WHAT IS NEEDED: The copy must match the data word for word and contain no pictures.

SUPPLIED DATA:
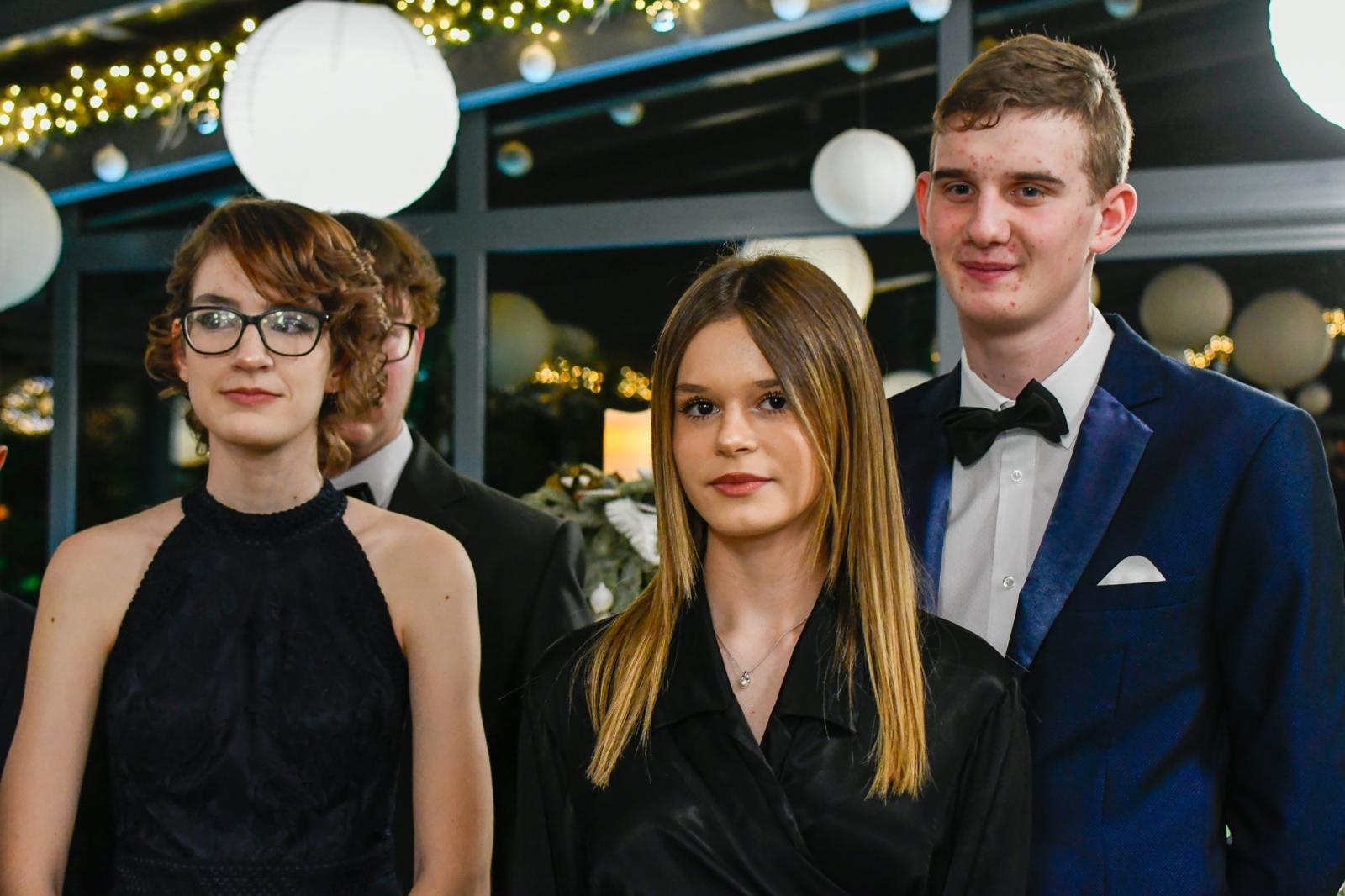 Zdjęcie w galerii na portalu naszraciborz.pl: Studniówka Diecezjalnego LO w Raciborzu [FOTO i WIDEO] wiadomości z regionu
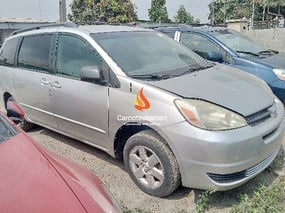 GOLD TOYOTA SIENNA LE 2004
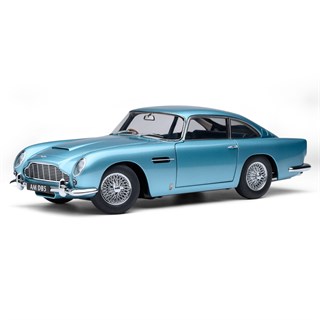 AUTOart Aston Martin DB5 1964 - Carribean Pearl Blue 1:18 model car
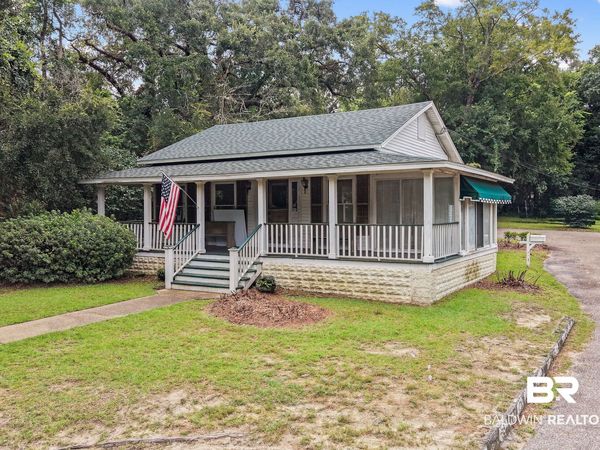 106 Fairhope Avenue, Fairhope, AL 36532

WRITTEN RESPONSE:
 Zdjęcie w galerii na portalu naszraciborz.pl: Studniówka Diecezjalnego LO w Raciborzu [FOTO i WIDEO] wiadomości z regionu
 GOLD TOYOTA SIENNA LE 2004
 AUTOart Aston Martin DB5 1964 - Carribean Pearl Blue 1:18 model car
 106 Fairhope Avenue, Fairhope, AL 36532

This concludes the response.